What is required: Since the listing below shows pictures, leave them out and write out exactly the lines from the line with "For BUFEISON Stainless" to the line with "Portrait of Cardinal", both included, and no others.

Dataset content:
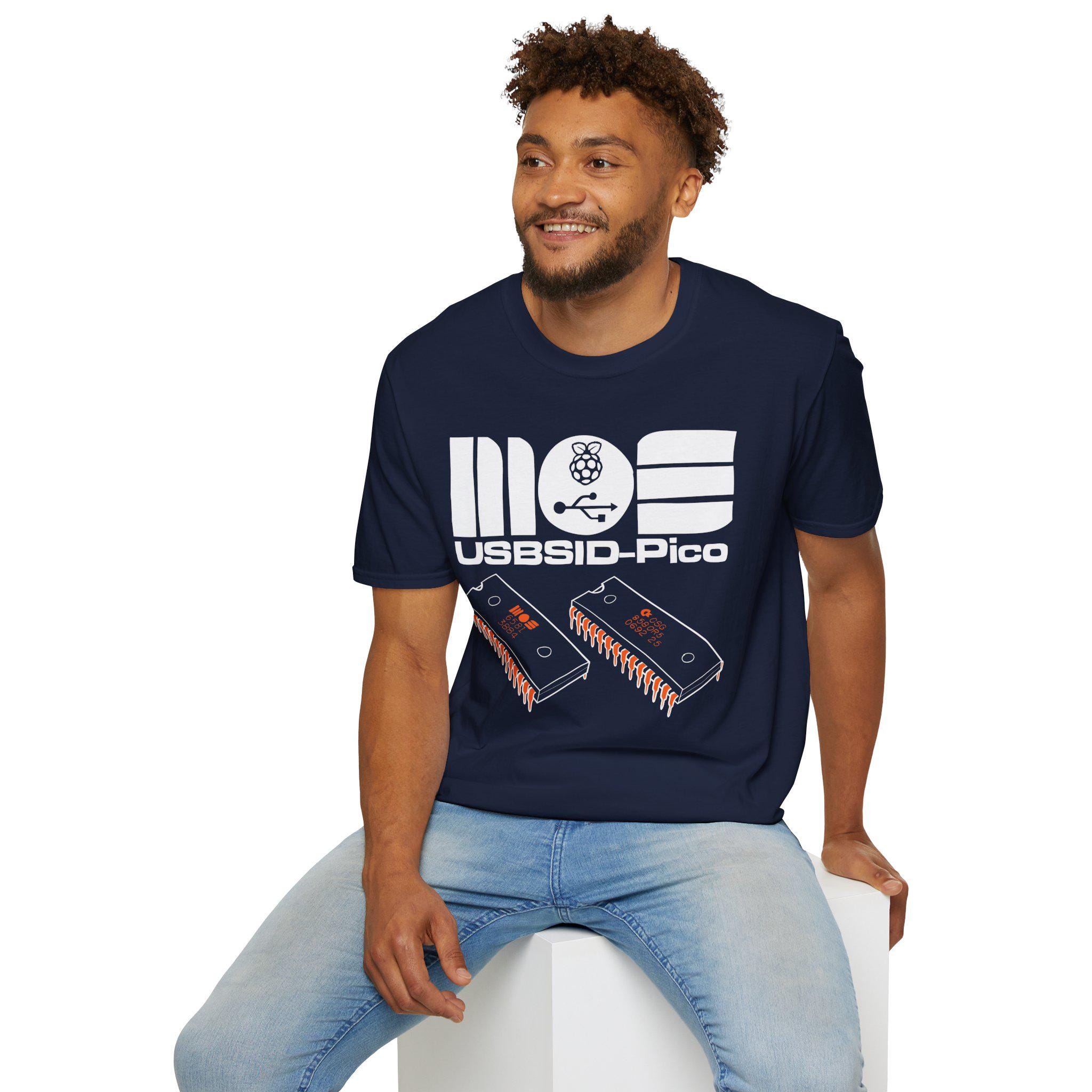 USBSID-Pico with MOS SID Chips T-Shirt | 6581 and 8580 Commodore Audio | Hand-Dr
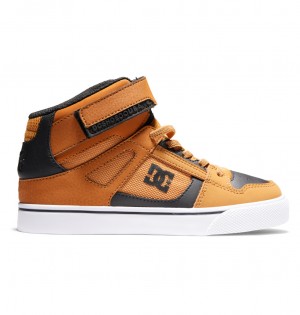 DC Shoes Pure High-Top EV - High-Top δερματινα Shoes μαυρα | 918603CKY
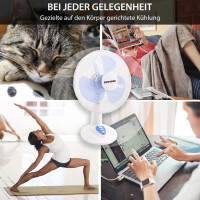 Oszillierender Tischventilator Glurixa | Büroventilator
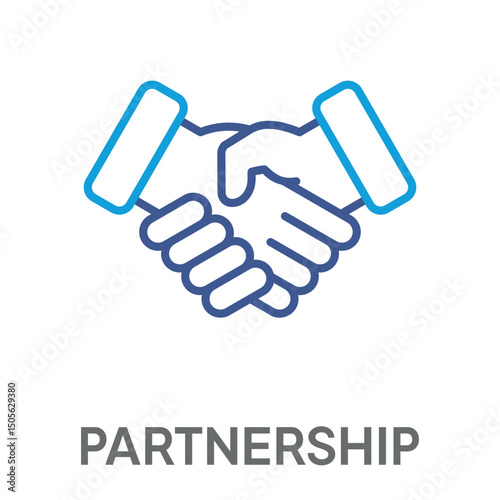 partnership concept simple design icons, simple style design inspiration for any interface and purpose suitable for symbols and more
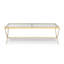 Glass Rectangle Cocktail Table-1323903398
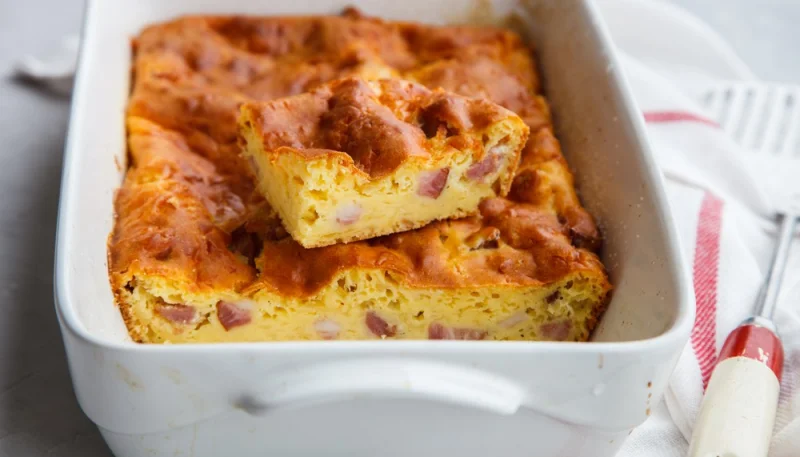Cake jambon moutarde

--

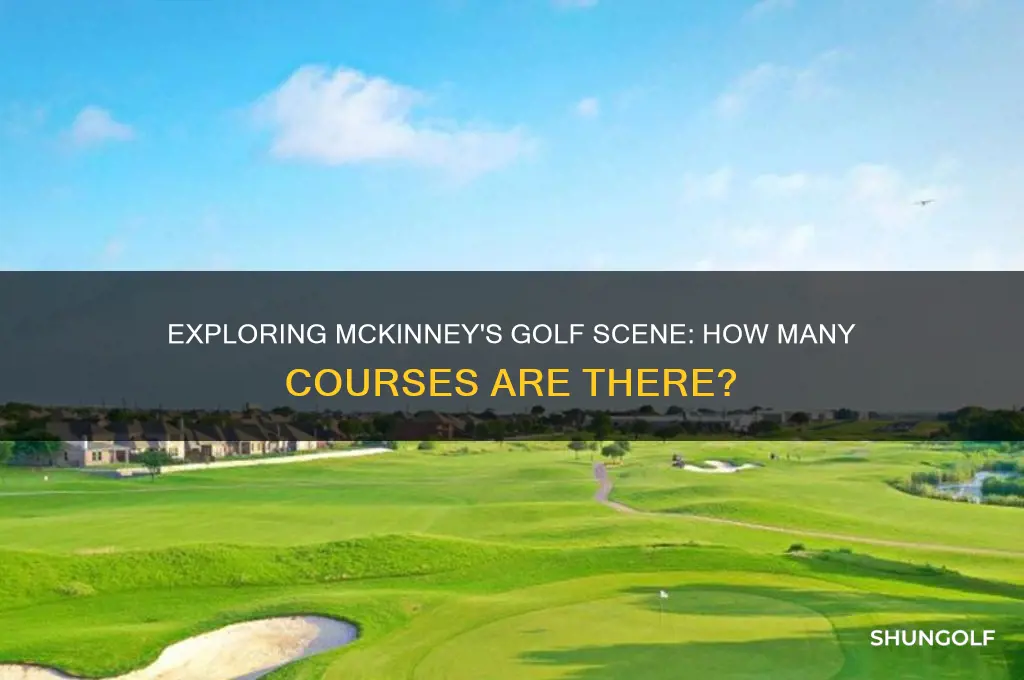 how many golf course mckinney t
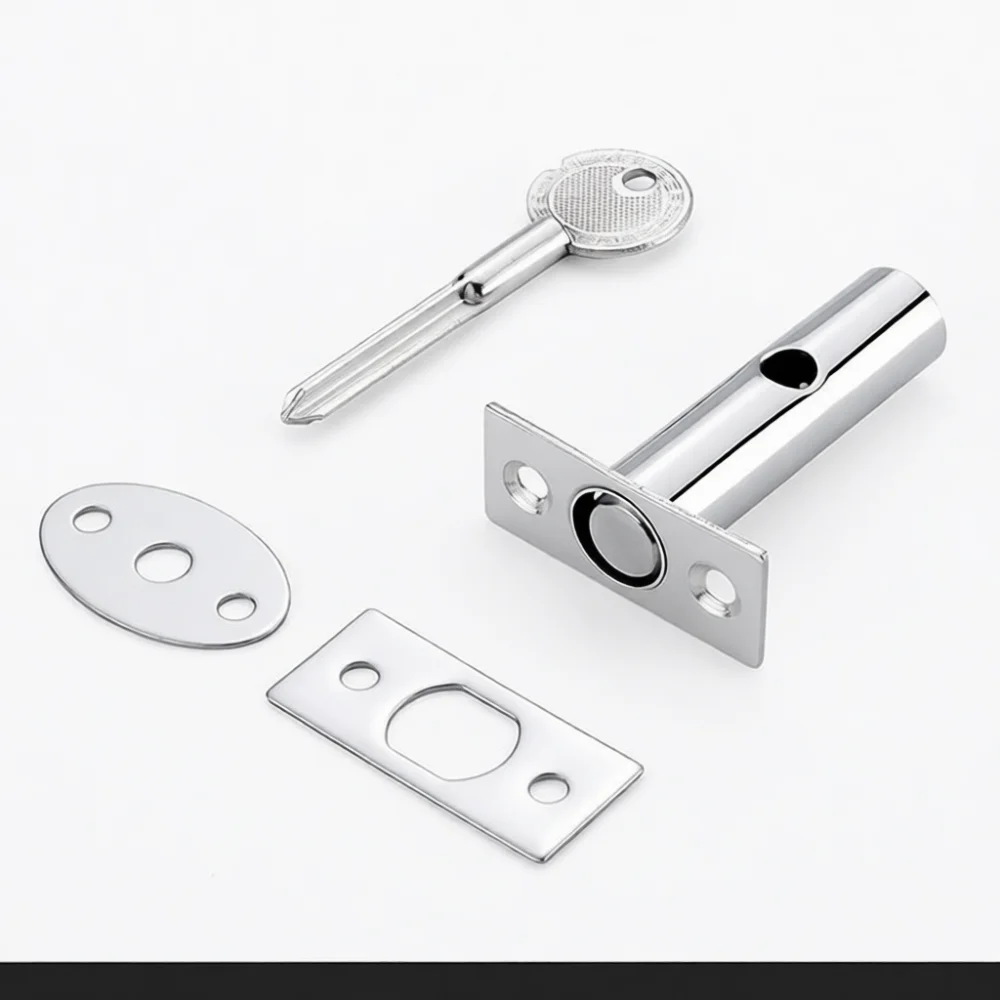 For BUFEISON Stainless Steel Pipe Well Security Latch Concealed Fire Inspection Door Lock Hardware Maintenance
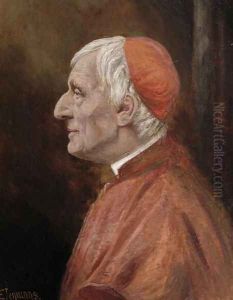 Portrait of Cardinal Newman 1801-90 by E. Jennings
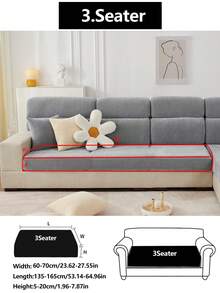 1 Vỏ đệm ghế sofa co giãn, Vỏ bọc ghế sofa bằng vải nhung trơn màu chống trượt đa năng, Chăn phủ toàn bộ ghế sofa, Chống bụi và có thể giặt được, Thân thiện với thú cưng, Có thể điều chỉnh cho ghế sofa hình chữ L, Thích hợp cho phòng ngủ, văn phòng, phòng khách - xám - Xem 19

Task solution:
 For BUFEISON Stainless Steel Pipe Well Security Latch Concealed Fire Inspection Door Lock Hardware Maintenance
 Portrait of Cardinal Newman 1801-90 by E. Jennings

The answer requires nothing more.